» What you have to do
Given the listing below, write out exactly the lines starting with the line that has "Click to see" and going on through the line that has "John Mark Multicolor", both kept.

» Record excerpts
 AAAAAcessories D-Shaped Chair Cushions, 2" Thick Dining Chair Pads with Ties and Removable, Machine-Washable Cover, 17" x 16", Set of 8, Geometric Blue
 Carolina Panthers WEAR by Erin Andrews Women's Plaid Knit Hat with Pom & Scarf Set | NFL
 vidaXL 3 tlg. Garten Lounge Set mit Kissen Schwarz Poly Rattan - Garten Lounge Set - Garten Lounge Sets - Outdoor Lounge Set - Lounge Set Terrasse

---

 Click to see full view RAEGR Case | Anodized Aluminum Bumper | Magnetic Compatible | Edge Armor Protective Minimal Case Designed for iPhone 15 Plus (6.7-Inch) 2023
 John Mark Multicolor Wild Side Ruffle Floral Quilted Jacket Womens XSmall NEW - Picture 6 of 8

» Answer for the task
 Click to see full view RAEGR Case | Anodized Aluminum Bumper | Magnetic Compatible | Edge Armor Protective Minimal Case Designed for iPhone 15 Plus (6.7-Inch) 2023
 John Mark Multicolor Wild Side Ruffle Floral Quilted Jacket Womens XSmall NEW - Picture 6 of 8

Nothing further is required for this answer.